Simon Boulton of the Crick explains: “Our work provides mechanistic insight into homologous recombination, which is an essential mechanism for the repair of double-stranded breaks in DNA and damaged replication forks. Failure to carry out homologous recombination is associated with cancer predisposition.”
Last year Dr Boulton’s team published a paper in Cell describing the biochemical function of an important family of tumour suppressor proteins called Rad51 paralogs. When they’re mutated in humans, these proteins cause hereditary breast and ovarian cancer and Fanconi anemia – a genetic disease that causes bone marrow failure and cancer in most sufferers, among other problems.

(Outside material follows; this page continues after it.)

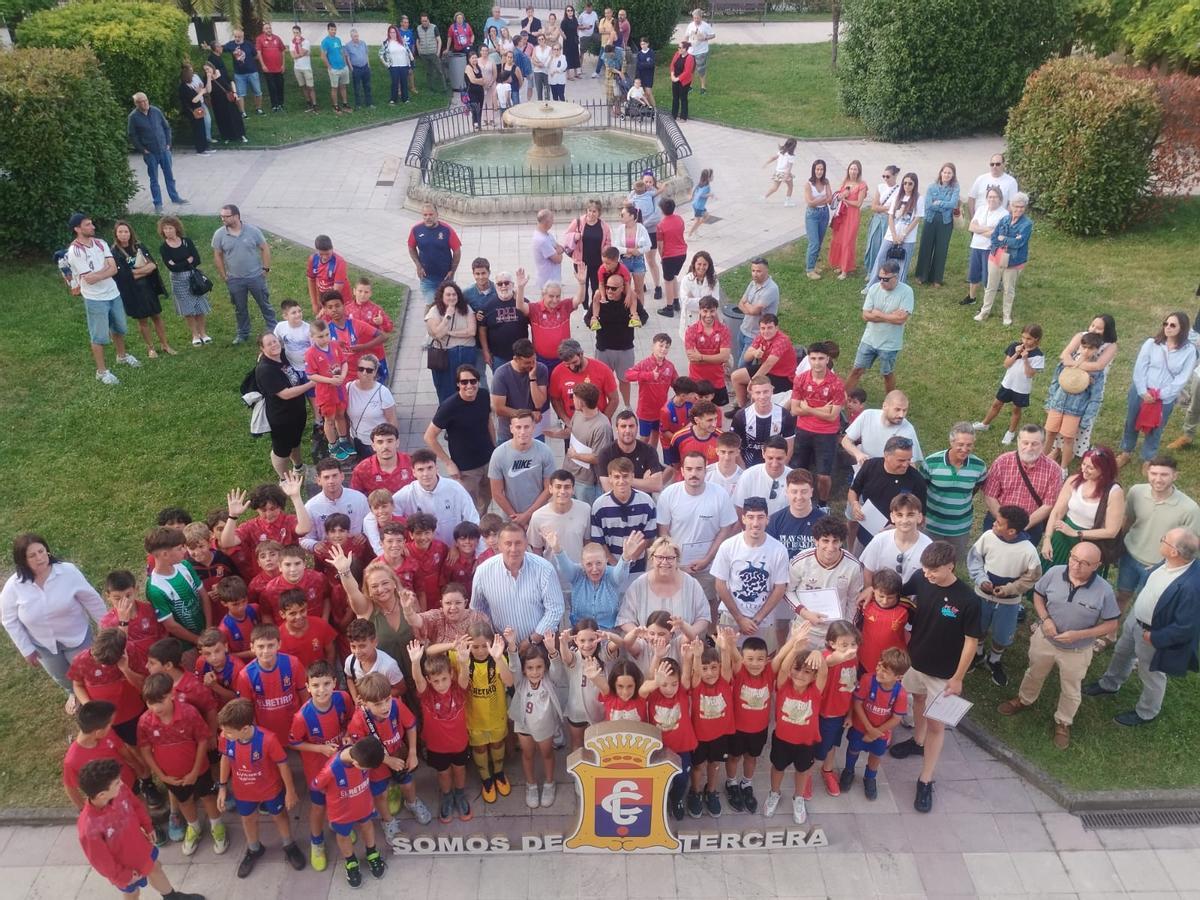 En imágenes, la celebración del ascenso a Tercera Federación del Condal de Noreña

Specifically, the team used a technique called stopped-flow kinetic measurements to study the formation and stability of Rad51 filaments and a method called single-molecule fluorescence resonance energy transfer (FRET) to monitor changes in filament length and flexibility. Collaborator Eric Greene of Columbia University Medical Center in New York pioneered DNA curtain technology, which allowed the scientists to watch what happened to Rad51 filaments when molecules of Rad51 paralogs were present.

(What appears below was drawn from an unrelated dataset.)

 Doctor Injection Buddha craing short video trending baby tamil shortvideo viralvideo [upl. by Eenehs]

Together the results revealed that the Rad51 paralogs keep Rad51 bound to DNA strands by capping the ends of the Rad51-DNA filaments and keeping them stable.
The next step for researchers is carrying out structural studies of the process.

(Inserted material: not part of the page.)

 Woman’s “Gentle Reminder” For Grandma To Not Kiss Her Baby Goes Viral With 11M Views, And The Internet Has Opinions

Dr Boulton says: “Targeting this process with small molecules that interfere with it could provide a way to prevent homologous recombination and thus sensitise cells to agents that damage DNA. This might be something we could exploit in cancer treatments – it could provide a way to stop DNA repair in cancerous cells and therefore stop these growing and replicating.”
The paper, A Polar and Nucleotide-Dependent Mechanism of Action for RAD51 Paralogs in RAD51 Filament Remodeling, is published in Molecular Cell.